Once the FDA completes an anticipated approval of Covid-19 vaccines for regular use, the email said, Goodwin’s office will only be open to the fully vaccinated.
According to a memo viewed by Bloomberg Law Tuesday from Ropes & Gray’s leadership, the firm will begin requiring that personnel and visitors to offices and work-related gatherings to be fully vaccinated from Aug. 9 through the end of the firm’s entirely voluntary return to office phase. The next return to office phase, which was due to start the week of Sept. 13, may now be subject to a short delay, the memo said.

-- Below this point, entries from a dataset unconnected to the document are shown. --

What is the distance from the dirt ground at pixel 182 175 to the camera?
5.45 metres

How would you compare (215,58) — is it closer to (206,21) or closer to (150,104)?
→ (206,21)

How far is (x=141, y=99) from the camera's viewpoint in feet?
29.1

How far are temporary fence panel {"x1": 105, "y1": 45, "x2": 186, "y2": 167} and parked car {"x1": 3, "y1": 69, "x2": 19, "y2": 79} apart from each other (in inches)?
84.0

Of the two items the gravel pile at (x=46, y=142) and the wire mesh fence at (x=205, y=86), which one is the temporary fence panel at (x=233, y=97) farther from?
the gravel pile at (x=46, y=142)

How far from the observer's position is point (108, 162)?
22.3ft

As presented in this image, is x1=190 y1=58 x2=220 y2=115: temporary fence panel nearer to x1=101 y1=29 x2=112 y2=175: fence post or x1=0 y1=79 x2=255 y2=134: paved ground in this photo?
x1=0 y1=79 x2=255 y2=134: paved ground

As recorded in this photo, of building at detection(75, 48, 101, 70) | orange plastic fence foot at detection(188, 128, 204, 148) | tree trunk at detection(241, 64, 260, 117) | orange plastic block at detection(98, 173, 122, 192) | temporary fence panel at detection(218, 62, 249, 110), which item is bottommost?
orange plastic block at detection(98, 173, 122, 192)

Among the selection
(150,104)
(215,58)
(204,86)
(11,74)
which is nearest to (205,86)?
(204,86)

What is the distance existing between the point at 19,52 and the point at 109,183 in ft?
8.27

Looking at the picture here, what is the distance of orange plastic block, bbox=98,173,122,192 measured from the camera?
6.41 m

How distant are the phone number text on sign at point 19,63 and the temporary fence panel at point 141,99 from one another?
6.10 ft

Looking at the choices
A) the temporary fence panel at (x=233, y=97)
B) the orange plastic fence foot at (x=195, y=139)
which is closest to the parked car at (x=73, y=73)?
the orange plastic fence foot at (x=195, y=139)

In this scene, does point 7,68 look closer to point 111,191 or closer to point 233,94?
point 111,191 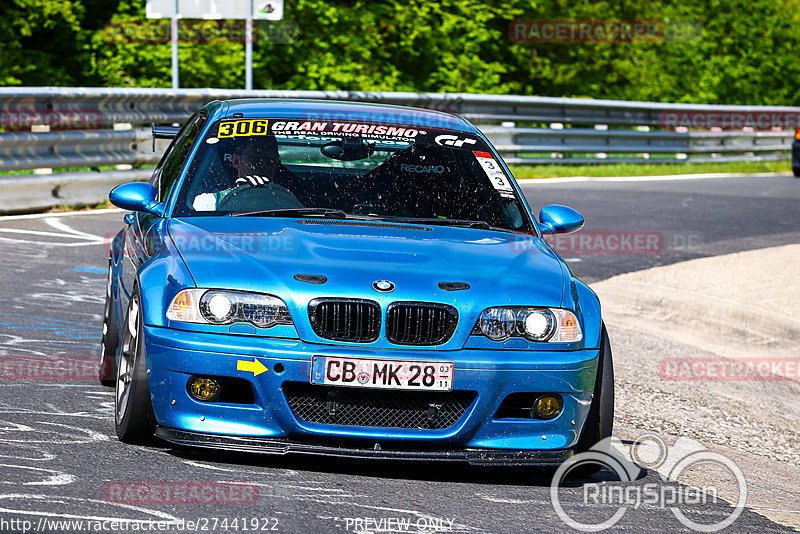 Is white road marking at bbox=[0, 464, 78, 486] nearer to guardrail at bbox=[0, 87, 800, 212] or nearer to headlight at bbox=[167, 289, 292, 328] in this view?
headlight at bbox=[167, 289, 292, 328]

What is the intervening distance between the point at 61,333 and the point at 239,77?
2323cm

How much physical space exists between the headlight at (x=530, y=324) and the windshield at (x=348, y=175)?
1041 mm

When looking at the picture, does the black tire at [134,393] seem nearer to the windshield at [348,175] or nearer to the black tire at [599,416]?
the windshield at [348,175]

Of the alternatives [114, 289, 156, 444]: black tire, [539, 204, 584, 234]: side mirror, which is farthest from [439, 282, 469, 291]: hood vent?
[539, 204, 584, 234]: side mirror

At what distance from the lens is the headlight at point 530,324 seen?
4.86 metres

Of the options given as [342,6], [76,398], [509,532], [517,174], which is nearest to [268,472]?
[509,532]

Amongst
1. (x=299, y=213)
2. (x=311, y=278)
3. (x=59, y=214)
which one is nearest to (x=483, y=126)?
(x=59, y=214)

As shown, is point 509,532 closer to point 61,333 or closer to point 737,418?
point 737,418

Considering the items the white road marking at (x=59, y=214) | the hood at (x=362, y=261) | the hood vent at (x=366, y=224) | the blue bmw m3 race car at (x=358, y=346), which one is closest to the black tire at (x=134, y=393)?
the blue bmw m3 race car at (x=358, y=346)

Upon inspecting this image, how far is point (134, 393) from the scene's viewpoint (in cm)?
489

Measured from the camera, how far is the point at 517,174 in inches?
794

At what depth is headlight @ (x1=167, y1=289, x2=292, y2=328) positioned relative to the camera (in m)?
4.73

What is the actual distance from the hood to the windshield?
22 cm

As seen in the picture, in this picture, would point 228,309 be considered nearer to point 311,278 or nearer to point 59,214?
point 311,278
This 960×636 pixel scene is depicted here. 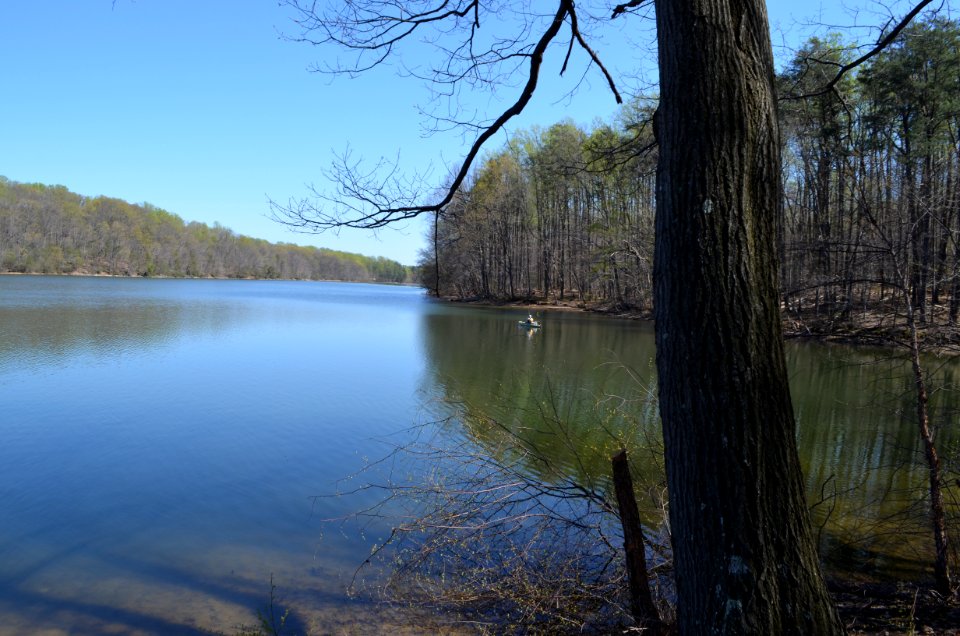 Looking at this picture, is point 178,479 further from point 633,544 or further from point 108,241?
point 108,241

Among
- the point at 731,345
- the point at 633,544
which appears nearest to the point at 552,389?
the point at 633,544

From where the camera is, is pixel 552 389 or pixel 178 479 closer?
pixel 178 479

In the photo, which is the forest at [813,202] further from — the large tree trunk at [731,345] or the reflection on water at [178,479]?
the reflection on water at [178,479]

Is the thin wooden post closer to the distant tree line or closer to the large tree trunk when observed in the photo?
the large tree trunk

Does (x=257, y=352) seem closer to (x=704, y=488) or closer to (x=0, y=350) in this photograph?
(x=0, y=350)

The memo noted that 98% of Ropes & Gray’s U.S. lawyers and 90% of its business support team have gotten Covid-19 vaccines. It implored those who are unvaccinated, but don’t have a bona fide medical issue or sincerely held religious belief causing them to hold off, to reconsider their decision.
“For those members of the community, we urge you to seek the advice of a medical professional, a spiritual guide or a trusted advisor with whom you can explore this very important decision in depth, with this virulent and aggressively contagious strain of COVID-19 in mind,” the memo said.
Crowell, Goodwin, Ropes & Gray, and Akin Gump have adopted approaches similar to those announced by other firms in recent days.
On Monday, Schiff Hardin and McDermott Will & Emery said they would each be delaying their office reopenings to Nov. 4 and Oct. 12, respectively, and requiring attorneys, staff, and visitors to be vaccinated.
Reed Smith, Fried Frank Harris Shriver & Jacobson, Cooley, Hogan Lovells, Davis Wright Tremaine, and Paul Weiss Rifkind Wharton & Garrison have all said that they would require vaccinations as well.